Autre critique, ce modèle de grande plantation détruit la petite paysannerie, poussant les agriculteurs indépendants à devenir ouvriers agricoles. À Tamale, dans le nord du Ghana, l’agence de presse des Nations unies Irin a fait état d’un conflit entre des paysans qui affirment avoir été expulsés de force au profit de plantations de jatropha par l’entreprise norvégienne Biofuel Africa (laquelle dément). À Madagascar, les paysans de la région de Tuléar ont saboté en 2007 les plantations de la société britannique Green Energy Madagascar (GEM).
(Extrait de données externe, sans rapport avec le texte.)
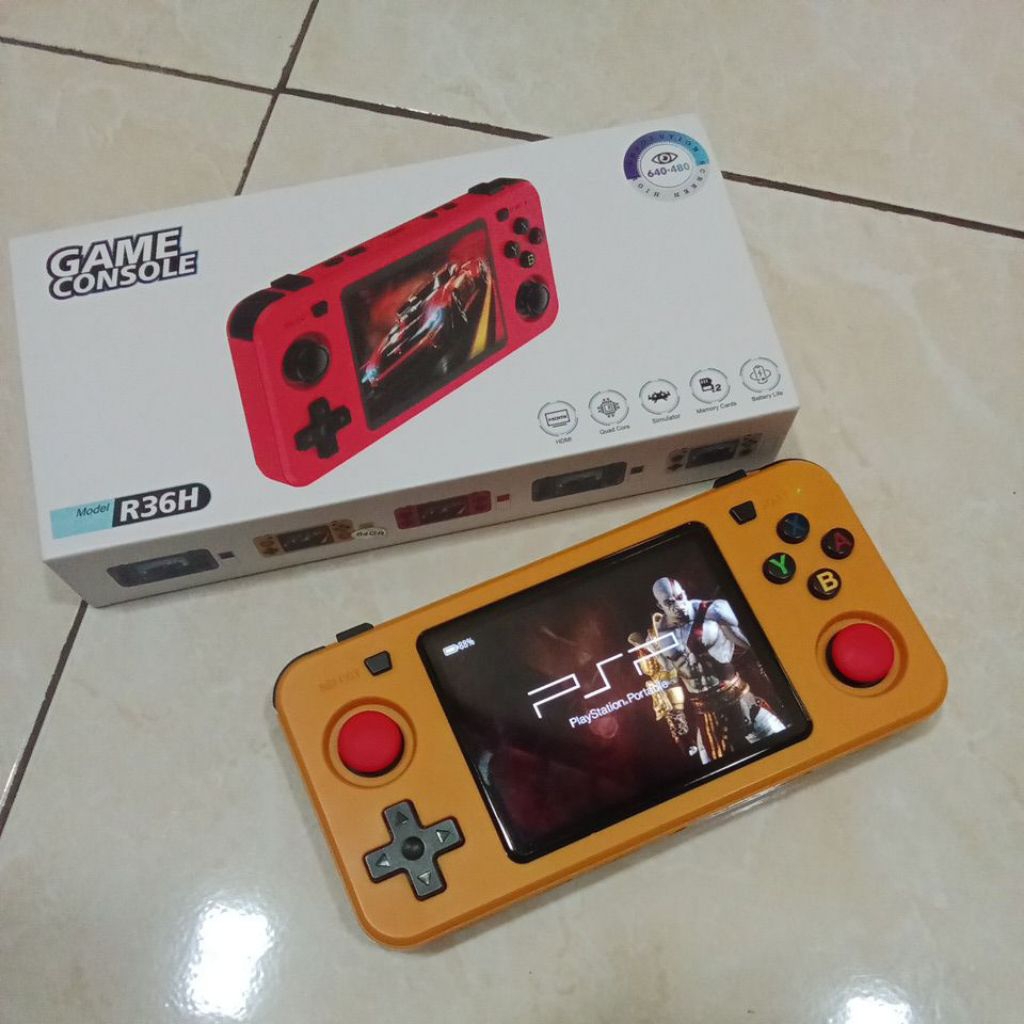 Jual Game Console R36H (64GB) | Shopee Indonesia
Mais la culture du jatropha n’est pas totalement rejetée par les paysans et les ONG : « Si l’on évite l’écueil de la monoculture et si le paysan reste maître sur ses terres, le jatropha, associé au maïs et au mil, est intéressant à la fois pour l’agriculteur comme pour l’industriel », explique Victor Tiendrébéogo, député burkinabè et chef traditionnel connu et respecté.
Bon rendement
« Un petit paysan peut produire chaque année entre 5 et 10 t de graines et gagner de 240 000 à 600 000 F CFA (entre 365 et 914 euros), un complément de revenu appréciable à ce qu’il tire de ses céréales », explique le député, qui a monté une petite usine de pressage à 60 km de Ouagadougou. Selon M. Tiendrébéogo, depuis 2007, ce sont pas moins de 62 000 producteurs burkinabè qui ont adopté le jatropha pour une surface cultivée d’environ 70 000 ha.
La production de carburant n’est pas destinée à l’export mais aux 300 plates-formes villageoises d’électrification, capables de fonctionner à la fois au jatropha et au diesel classique. Ce modèle en « circuit court » se déploie aussi au Mali, appuyé par le Cirad et l’entreprise française Agrofuel. « L’huile nous permet aussi de fabriquer des savons, de l’huile pour les cheveux. Nous compostons les résidus pour fabriquer de l’engrais. Associé à des céréales, le jatropha fertilise les sols et favorise une meilleure irrigation », énumère Victor Tiendrébéogo. Dans le jatropha, tout (ou presque) serait bon… à condition de le cultiver à une échelle raisonnable.
* Membres du collectif Les Agrocarburants, ça nourrit pas son monde : Comité catholique contre la faim et pour le développement (CCFD), Oxfam, Synergie paysanne (Bénin), Fase (Brésil), Cinep (Colombie), Les Amis de la Terre.